PROMPT ->
The lines below from the one with "Modernes Badezimmer mit" up to and including the one with "1391 Pennsylvania Ave." are what you should set down, exactly and without pictures.

THE INPUT ->
=== Section Start ===

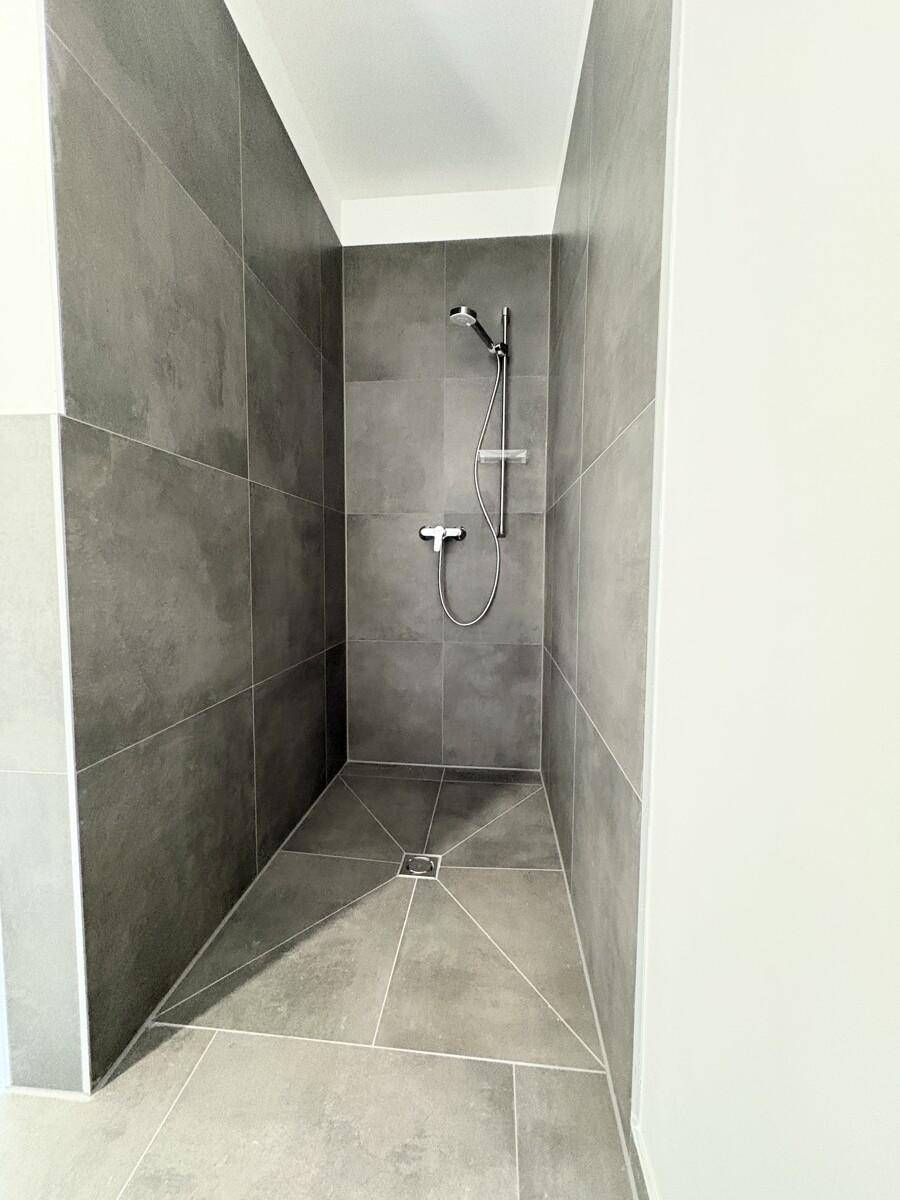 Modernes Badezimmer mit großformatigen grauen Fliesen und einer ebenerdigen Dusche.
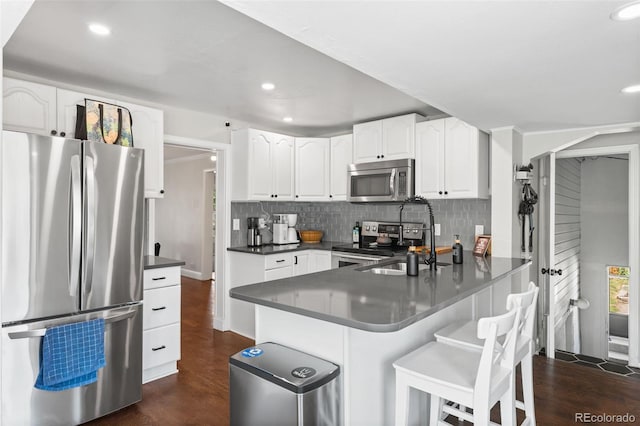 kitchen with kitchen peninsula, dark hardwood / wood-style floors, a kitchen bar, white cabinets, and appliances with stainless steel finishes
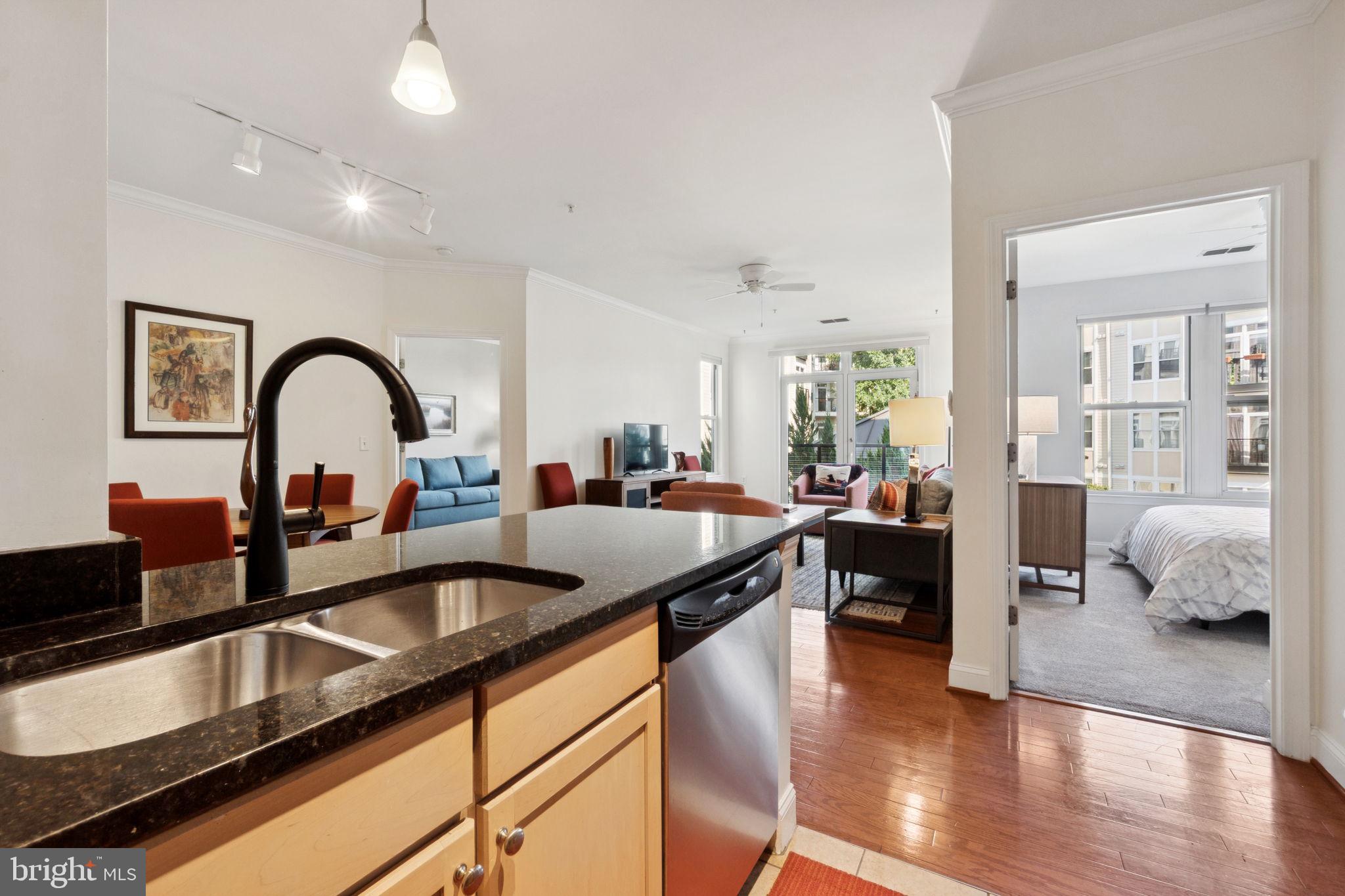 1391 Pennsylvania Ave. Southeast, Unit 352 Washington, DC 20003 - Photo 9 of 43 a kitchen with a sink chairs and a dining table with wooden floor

=== Section End ===
=== Section Start ===

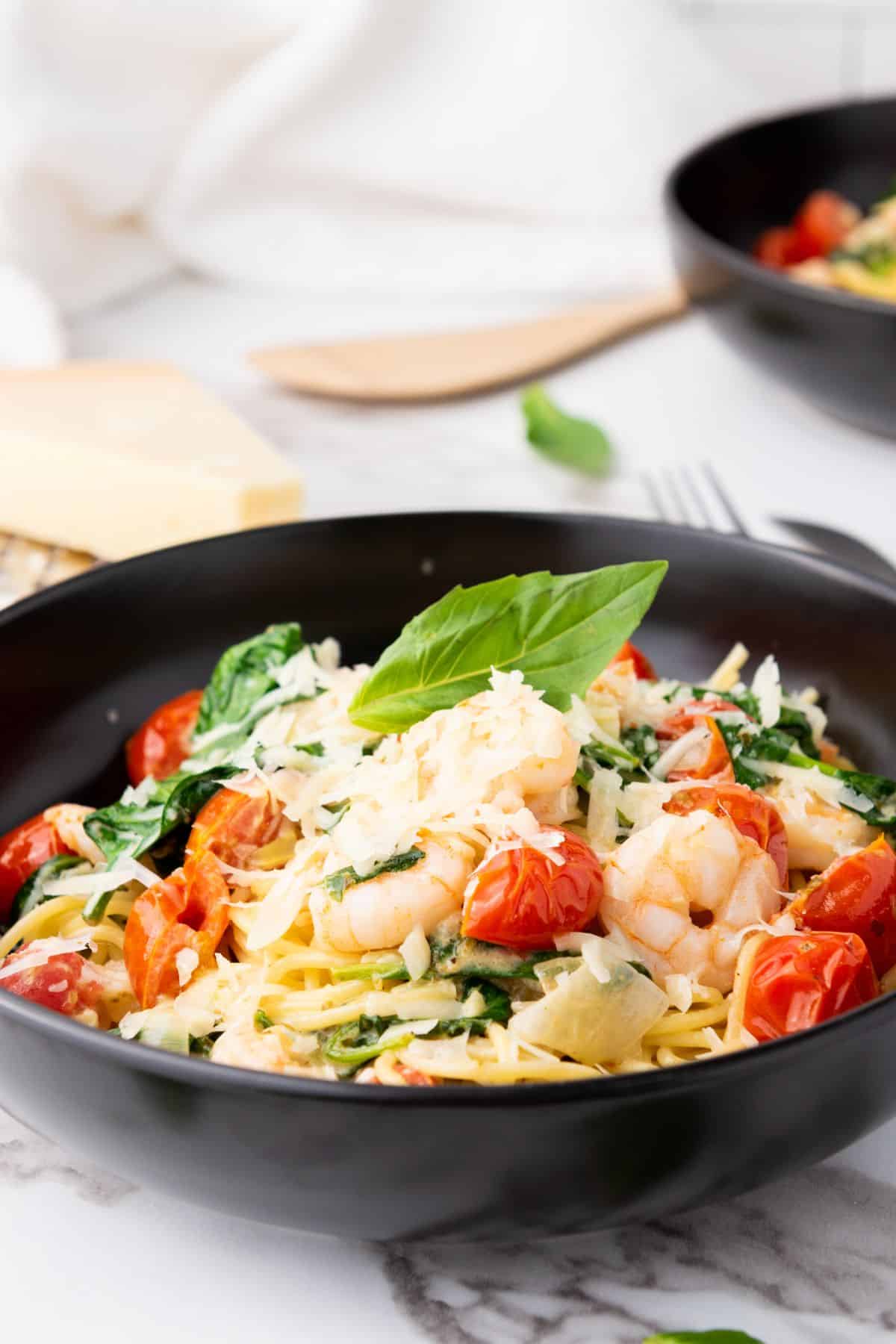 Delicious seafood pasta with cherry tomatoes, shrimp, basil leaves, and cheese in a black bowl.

=== Section End ===

EXPECTED ANSWER ->
 Modernes Badezimmer mit großformatigen grauen Fliesen und einer ebenerdigen Dusche.
 kitchen with kitchen peninsula, dark hardwood / wood-style floors, a kitchen bar, white cabinets, and appliances with stainless steel finishes
 1391 Pennsylvania Ave. Southeast, Unit 352 Washington, DC 20003 - Photo 9 of 43 a kitchen with a sink chairs and a dining table with wooden floor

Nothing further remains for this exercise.